Task: No pictures go into the output, which should consist only of the lines from the first line of the data through the line with "Supercute Plush Coin", copied exactly.

· · · ·

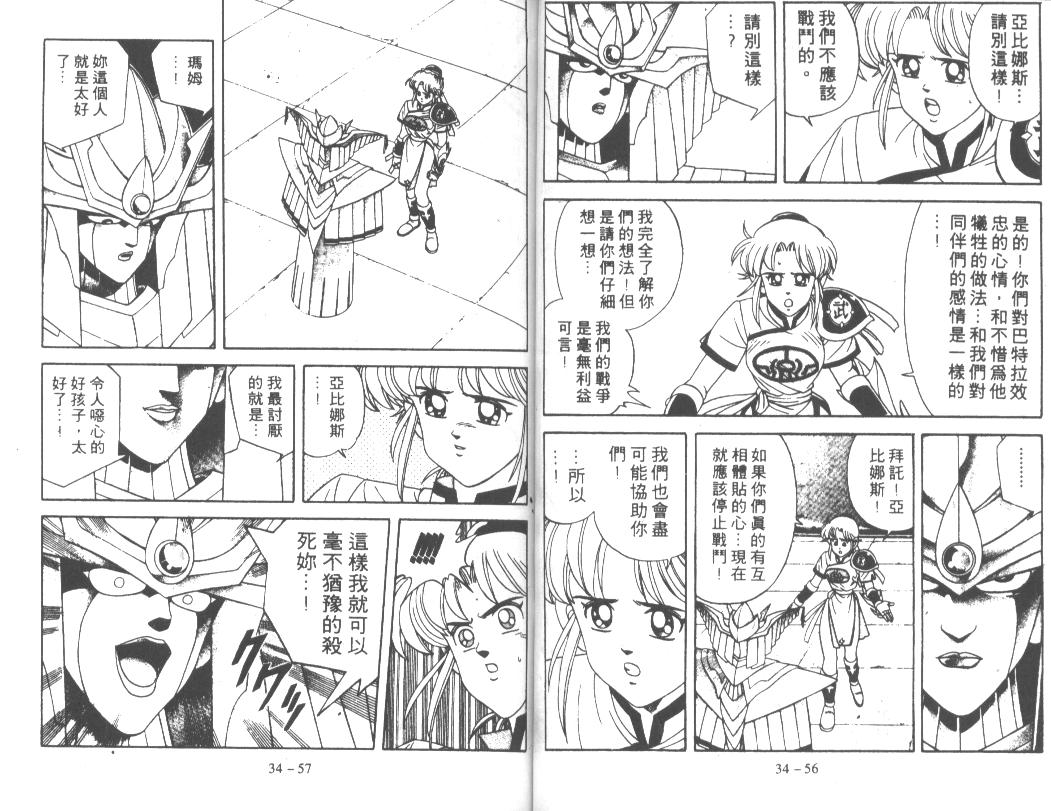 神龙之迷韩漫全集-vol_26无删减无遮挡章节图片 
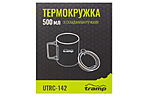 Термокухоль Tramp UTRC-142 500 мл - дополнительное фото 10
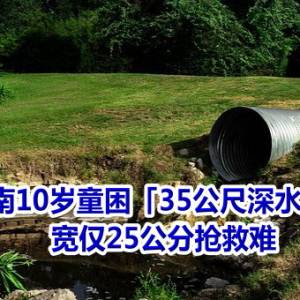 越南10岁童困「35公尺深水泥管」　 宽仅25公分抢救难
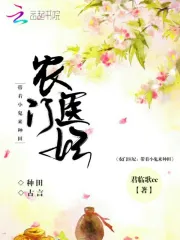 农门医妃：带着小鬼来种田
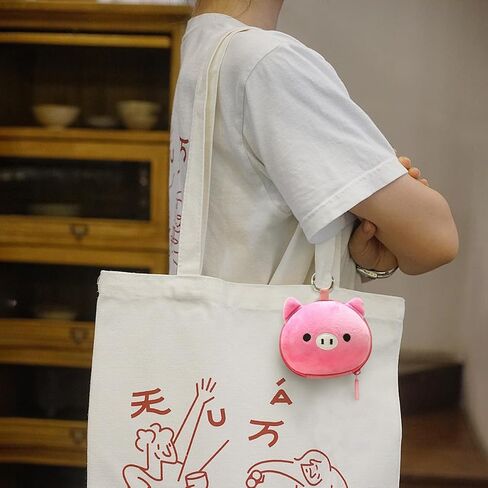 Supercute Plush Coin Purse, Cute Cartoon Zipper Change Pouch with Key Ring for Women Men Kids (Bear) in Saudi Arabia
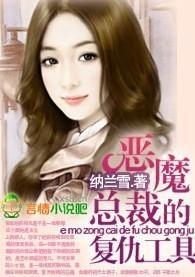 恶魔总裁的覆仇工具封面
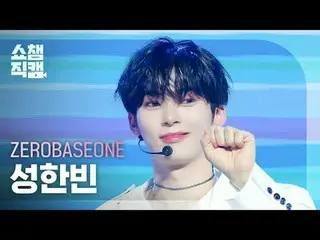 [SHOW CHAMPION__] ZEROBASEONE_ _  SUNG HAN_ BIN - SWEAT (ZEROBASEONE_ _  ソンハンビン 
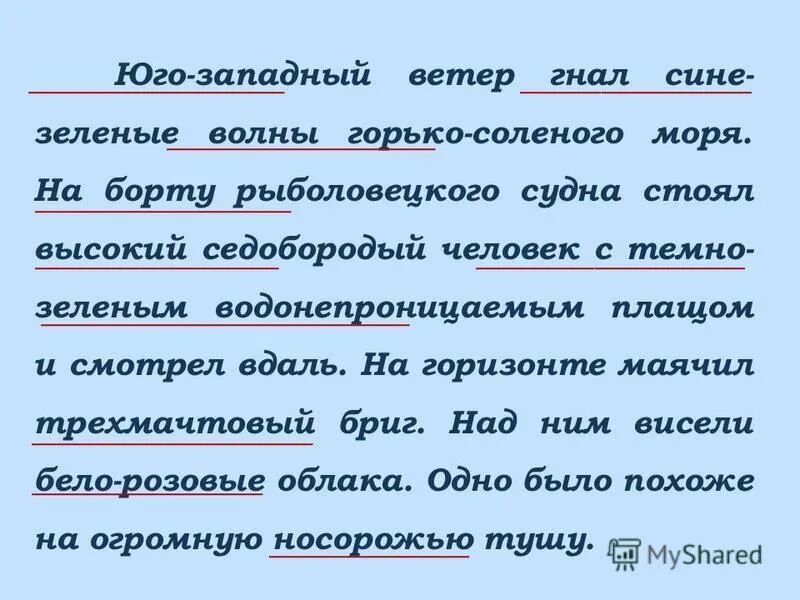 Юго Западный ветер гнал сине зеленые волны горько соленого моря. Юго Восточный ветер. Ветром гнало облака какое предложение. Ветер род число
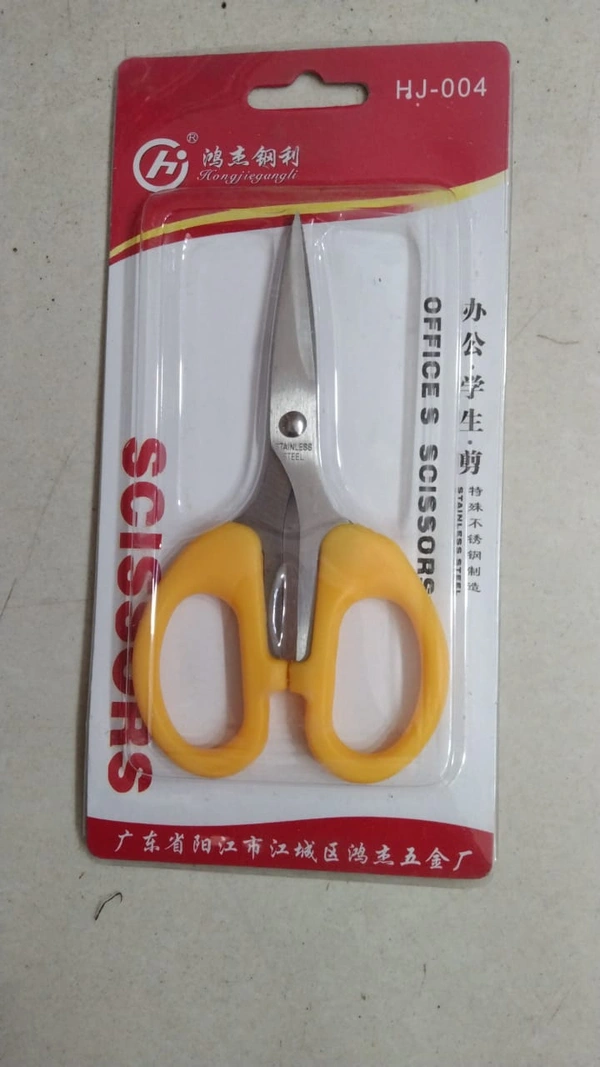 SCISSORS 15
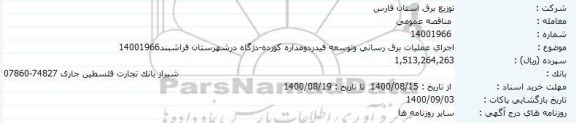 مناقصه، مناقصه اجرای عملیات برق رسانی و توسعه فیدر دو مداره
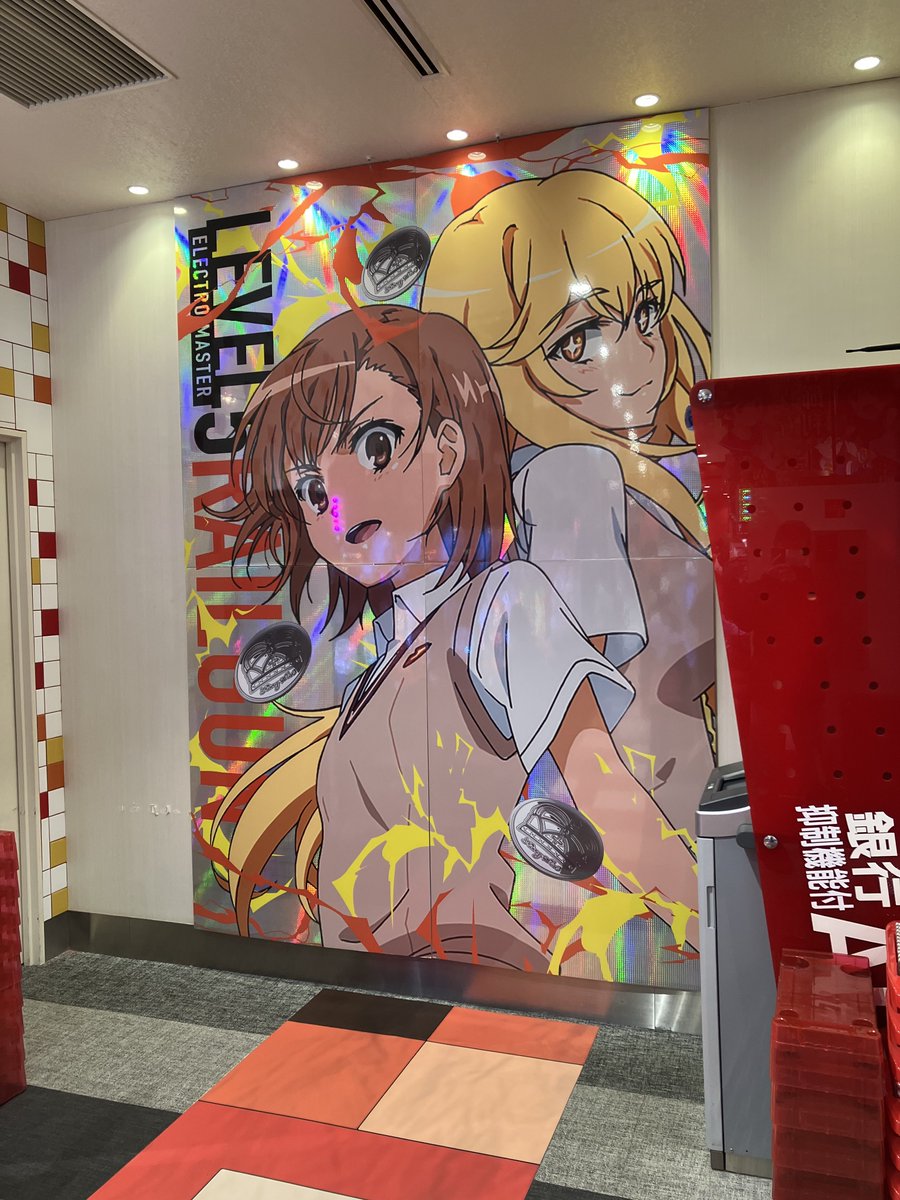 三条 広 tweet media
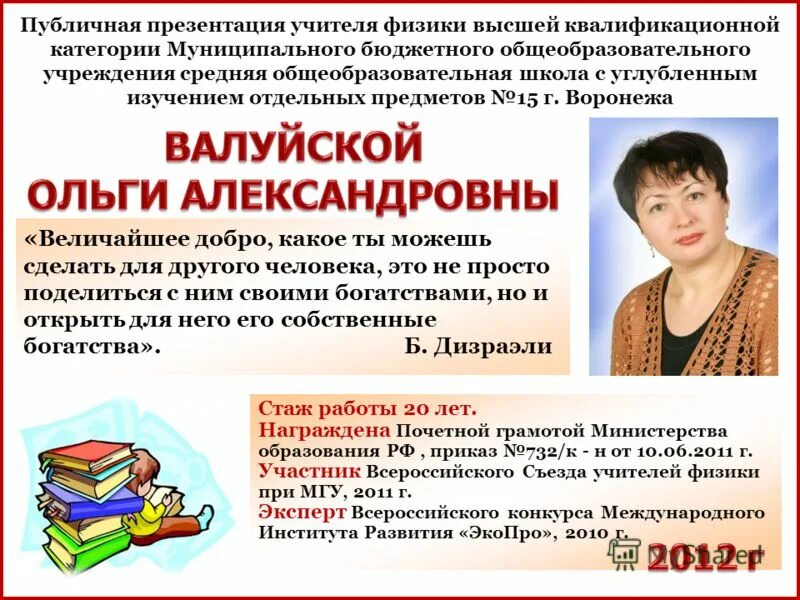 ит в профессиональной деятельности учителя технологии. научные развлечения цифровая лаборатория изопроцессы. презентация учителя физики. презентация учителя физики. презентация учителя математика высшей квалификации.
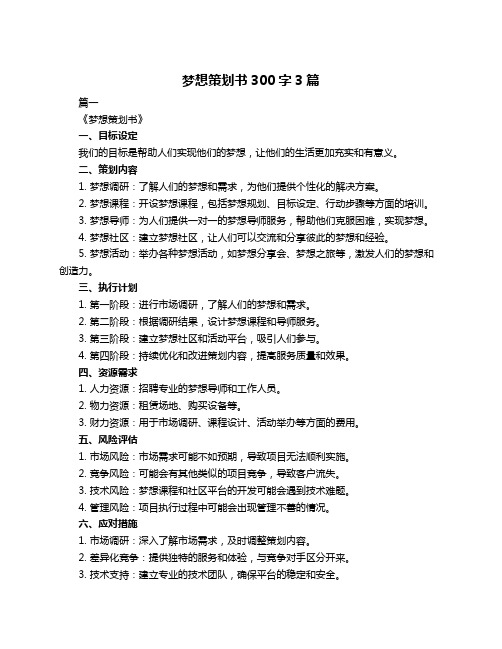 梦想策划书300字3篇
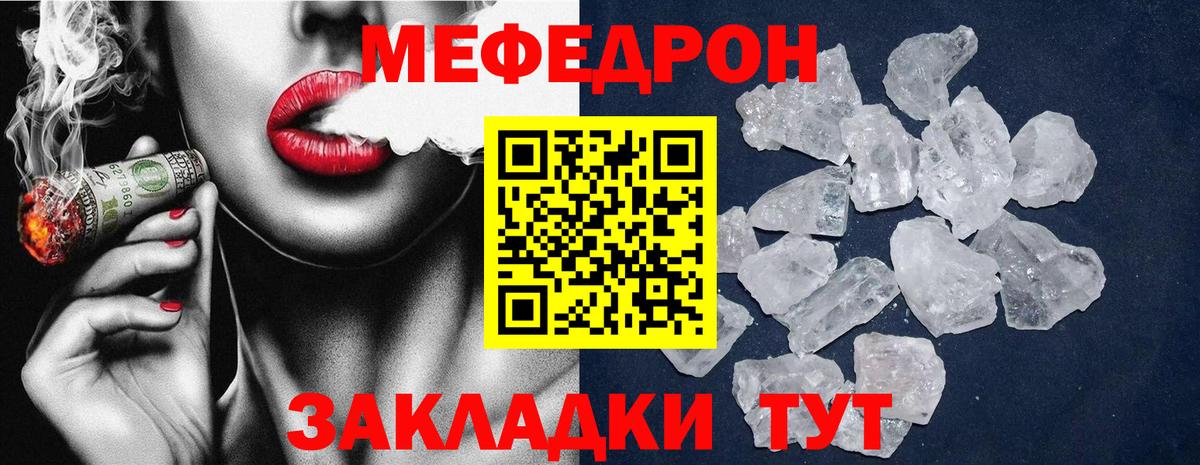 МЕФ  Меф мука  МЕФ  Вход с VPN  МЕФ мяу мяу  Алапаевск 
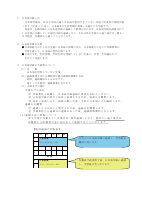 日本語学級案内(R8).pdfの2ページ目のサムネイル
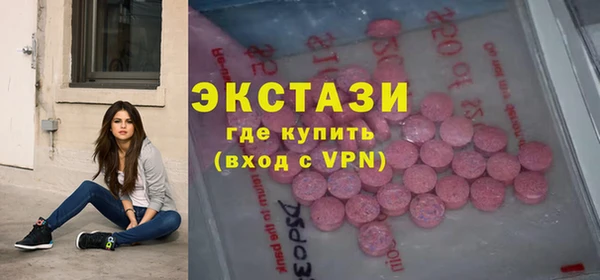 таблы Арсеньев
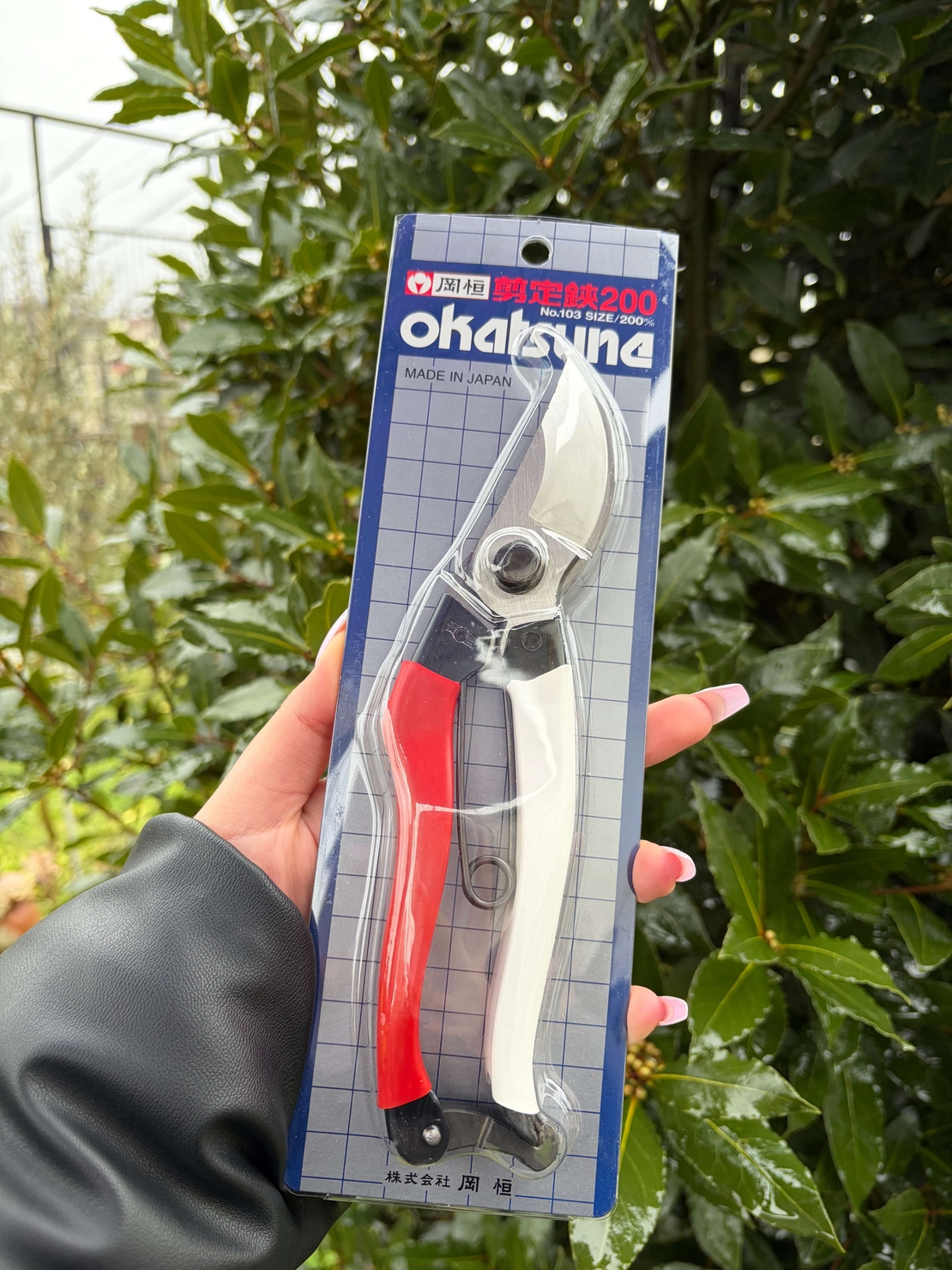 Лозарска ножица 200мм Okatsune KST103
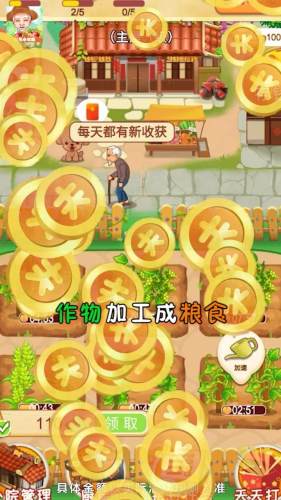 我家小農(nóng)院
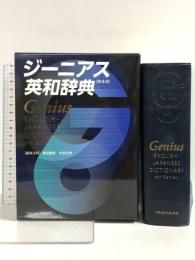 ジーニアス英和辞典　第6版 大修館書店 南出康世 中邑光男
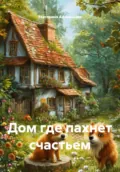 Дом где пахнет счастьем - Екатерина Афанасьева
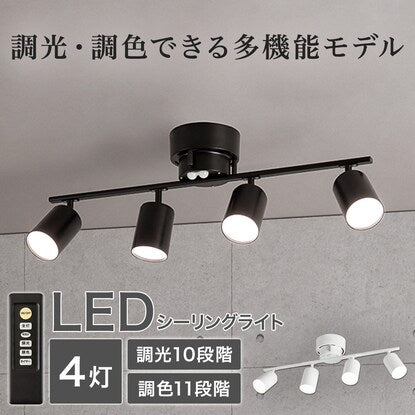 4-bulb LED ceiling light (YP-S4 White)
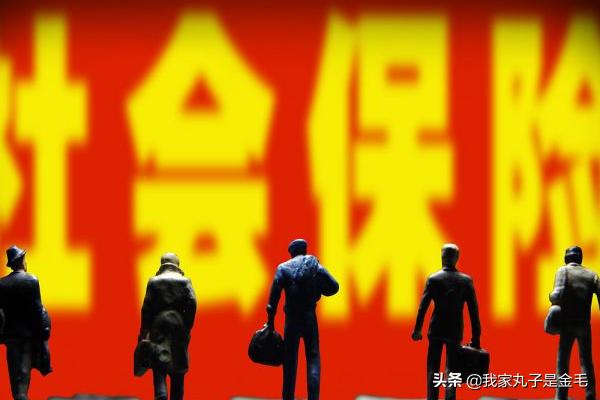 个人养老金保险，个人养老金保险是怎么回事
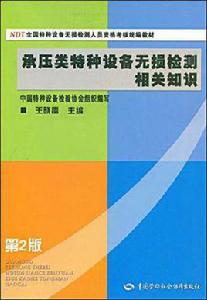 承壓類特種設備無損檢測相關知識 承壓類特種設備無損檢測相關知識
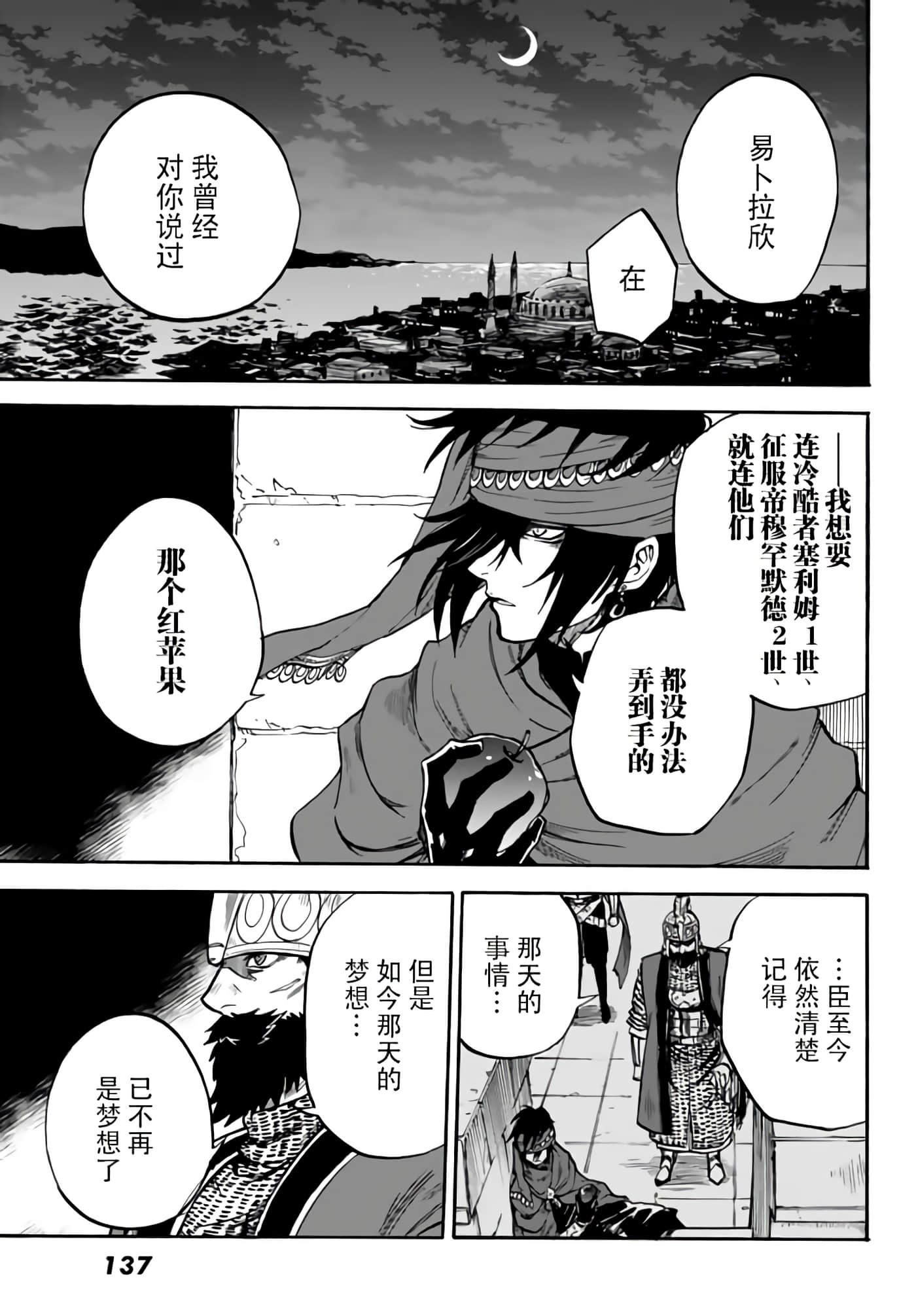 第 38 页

· · · ·

Exercise response:
 神龙之迷韩漫全集-vol_26无删减无遮挡章节图片 
 Термокухоль Tramp UTRC-142 500 мл - дополнительное фото 10
 越南10岁童困「35公尺深水泥管」　 宽仅25公分抢救难
 农门医妃：带着小鬼来种田
 Supercute Plush Coin Purse, Cute Cartoon Zipper Change Pouch with Key Ring for Women Men Kids (Bear) in Saudi Arabia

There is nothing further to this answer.